I’ll show you more of this piece as it goes along.
I’m obsessed with thread shading. I want images to be as 3-d as possible. To do that I shade with as many colors as I can. With regular #40 embroidery thread, I can use almost an infinite number of colors to shade an image. Particularly for a larger image. It’s a pretty large paint box. And you can use them all.
With heavy weight bobbin threads, there’s just not that much space in an image to shade. So this is my answer. Instead of adding more and more colors, I dye the thread so that it’s got a range of color within each thread.
Most commercially dyed thread comes in one of two styles. Either they mix a dark color with a number of lighter shades ending in white. Or they do the rainbow either in pastels or brights. The rainbow color ones work for stippling. They don’t shade well at all. The ones with dark to white leave a white area I really don’t like.

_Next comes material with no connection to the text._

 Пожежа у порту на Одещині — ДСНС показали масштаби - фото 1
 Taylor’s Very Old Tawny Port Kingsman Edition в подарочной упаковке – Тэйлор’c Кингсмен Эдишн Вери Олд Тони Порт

Most images can be zoned in dark, medium and light areas. They also can be zoned into different colors, like the spots and the frog’s body.
Dyeing threads to shade images can be set up the same way. You can dye a shader, a shocker and a smoother. The shader thread is the color of your image darker than you want the whole image to be. Add in a dark shading color like dark brown, purple, green or blue, or it’s complement, plus 4-6 dark shades of the whole color. The shocker is a medium range of 5-6 colors with a shocking color mixed into it. Usually a bright complementer color works best as a shocker. The smoother is a color that is a bright highlighter shade that fills in the image and finishes in the shaded image.
The range of colors gives you at least a 15-18 color range in a small bobbin work image. Other colors can be added. There are no rules, but here are some color ranges that work well.
Shader: Dark orange, yellows and reds, and browns
Shocker: Yellows and two purples
Smoother: Yellows and oranges
Shader: Dark purples, blues and greys
Shocker: Medium greys and teals
Smoother: Medium to light purples
Shader: Teals, and oranges
Shocker: Yellows and teals
Smoother: Yellows, and oranges
You get the idea. Dye the thread to do your shading for you.As you fill in the stitching with rhythmic motions, the shading progresses across the image. All you have to do for thread like that is dye for it.